# Weekend trip: Beef Basin - Needles - Canyonlands NP. loop



## jan_nikolajsen (Oct 28, 2011)

With my family. Started and ended at the Cottonwood Canyon/Elk Ridge turn off in Indian Creek. Rode the good dirt road up towards the high country and Cathedral Butte, then took a seldom used path to Beef Basin. Camped and explored here before heading out through the Grabens/Bobby's Hole and eventually over Elephant Hill to the pavement in the Needles front country. Connected back to the car via 15 miles of highway 211.

All told some 85 miles with a good mix of scenic dirt roads and super techy jeep tracks.
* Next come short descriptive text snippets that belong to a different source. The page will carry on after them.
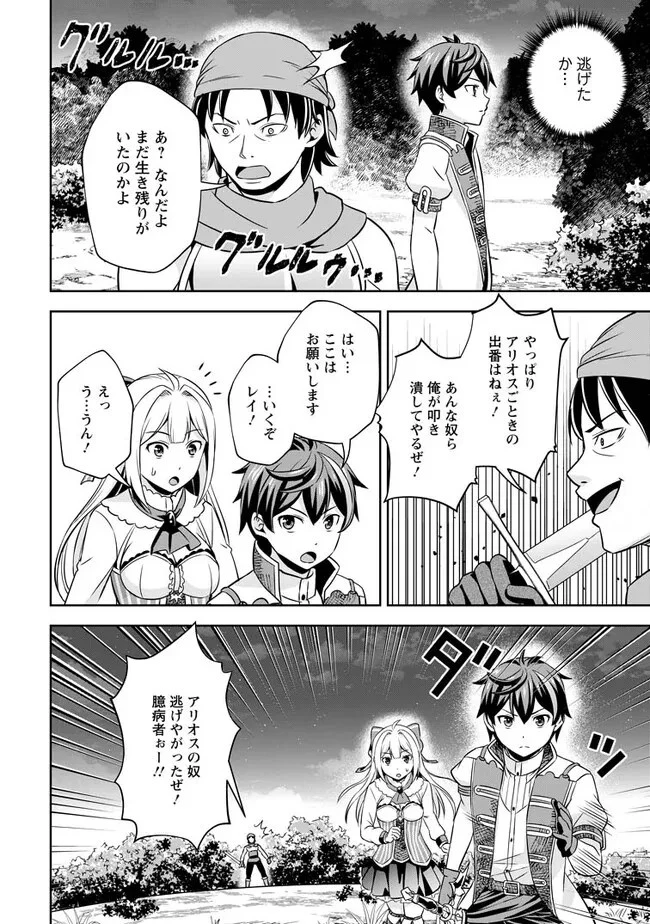 おい、外れスキルだと思われていた《チートコード操作》が化け物すぎるんだが。 第4.3話 - 6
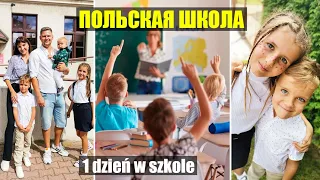 🙋‍♀️ПЕРВЫЙ ДЕНЬ В ПОЛЬСКОЙ ШКОЛЕ 🔥Впечатления детей от школы в Польше szkoła w Polsce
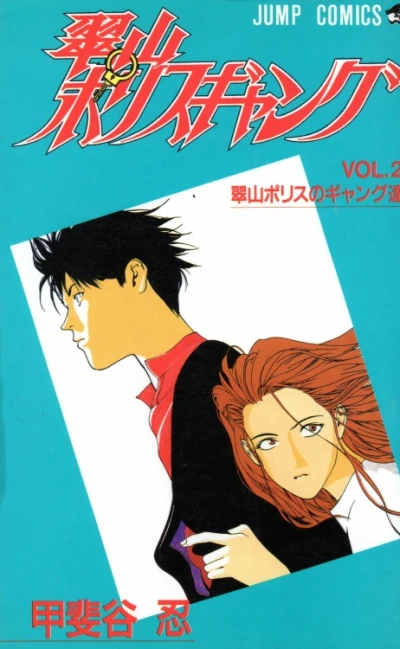 Cover of Vol. 2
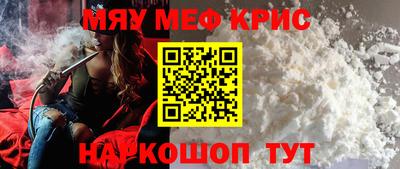 каннабис Обнинск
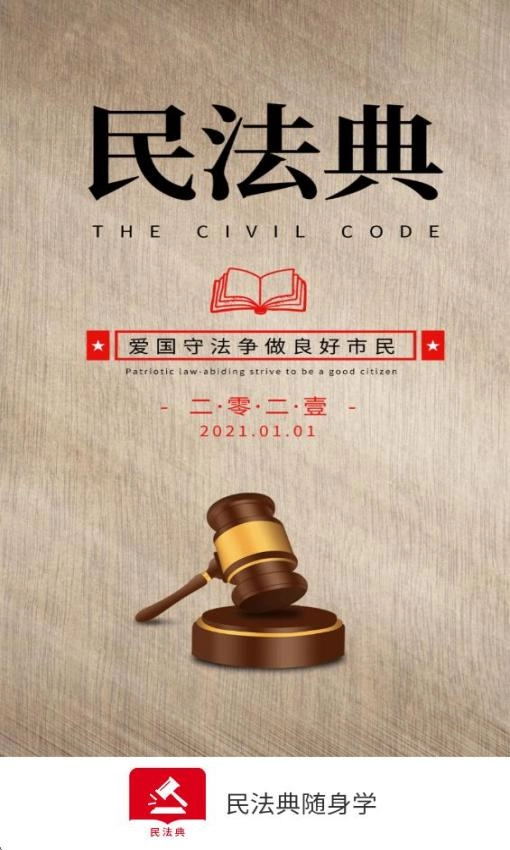 民法典随身学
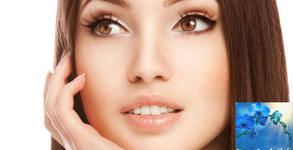Eugene Beauty Studio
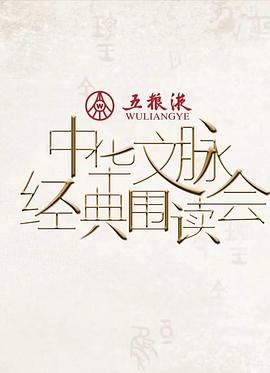 《缞神契约》电影高清完整版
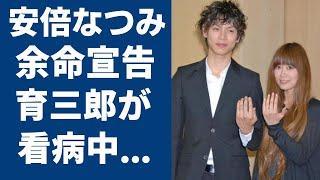 安倍なつみが”余命宣告”された現在の病状や夫・山崎育三郎が献身的に支える姿に涙が零れ落ちた...「モーニング娘」の中心メンバーが略奪婚後の現在や離婚間近の真相に一同驚愕...！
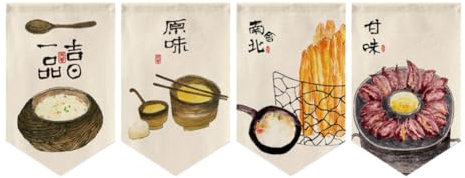 Hiseng 4pcs Tenda da Porta Stile Giapponese, Tenda da Porta Finestra Corta Interna Tende da Cucina per Finestra Tenda da Divisoria per Ristorante Corridoio Decorazione (20x30cm,Stile retrò F)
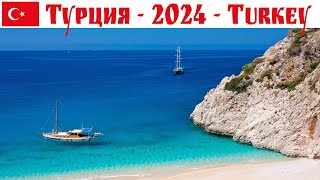 видео: Турция в январе: Анталья, Белек, Кемер, Каш, Фетхие, Олюдениз, Гечек, Демре, Фаселес, Калкан, Патара картинка: Турция в январе: Анталья, Белек, Кемер, Каш, Фетхие, Олюдениз, Гечек, Демре, Фаселес, Калкан, Патара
Finding water in Beef Basin was the crux. Had there been none we would have suffered a bit. Summer here has been dry, and no early fall precip yet, so we were a bit concerned, but it worked out as shown in one of the pics.


----------



## SingleTrackLovr (Apr 25, 2007)

Great Trip Report. Thanks so much for sharing it with us. Beautiful country looks like you guys had a blast.


----------



## rodar y rodar (Jul 21, 2006)

Dang, the whole crew? That`s awesome!
By mutual agreement, my wife only goes camping when we have the trunk of her car to tote everything!


----------



## Aushiker (Sep 27, 2007)

Great photos and story. Thanks for sharing.

Andrew


----------



## MRisme (Mar 22, 2010)

Looks like a great time was had by all!

Thanks for sharing!


----------



## wahday (Mar 23, 2012)

Sweetness! Going on my next bikepacking excursion this weekend. Next one, I'm hoping to bring my 12 year old son who is very into road bike these days. This gave me inspiration!


----------



## beagledadi (Jul 18, 2004)

Good stuff, thanks for sharing. It's funny how happy one gets from drinking out of a cow trough :thumbsup:

Matt


----------



## jddjirikian (Aug 25, 2006)

Nice pics. Canyonlands is awesome.


----------



## 28/29 WIT (May 7, 2011)

Jan,

Thank you far sharing. I am doing my first bikepacking trip the end of this month and your pictures just got me more excited! The bag on the top tube of the Tallboy, who makes that and are you happy with it? That is what I need.


----------



## hunter006 (Jan 20, 2012)

I love the photos, but I can't help but think, "What if they hadn't found water?" Was there a contingency plan if you couldn't find water?


----------



## Bearbait (Jan 14, 2004)

Fantastic trip, thanks for posting. We were just out in Needles, such an amazing place.


----------



## greenwater (Jul 13, 2010)

jan_nikolajsen, 

Great photos! Looks like a fantastic trip. I love that loop. However, I'm not familiar with the "seldom used path" that you mentioned. Do you mind sharing some details on that. Also, you wouldn't happen to have UTM's on that cow trough would you? 
Thanks,
Andrew


----------



## jan_nikolajsen (Oct 28, 2011)

28/29 WIT said:


> Jan,
> 
> Thank you far sharing. I am doing my first bikepacking trip the end of this month and your pictures just got me more excited! The bag on the top tube of the Tallboy, who makes that and are you happy with it? That is what I need.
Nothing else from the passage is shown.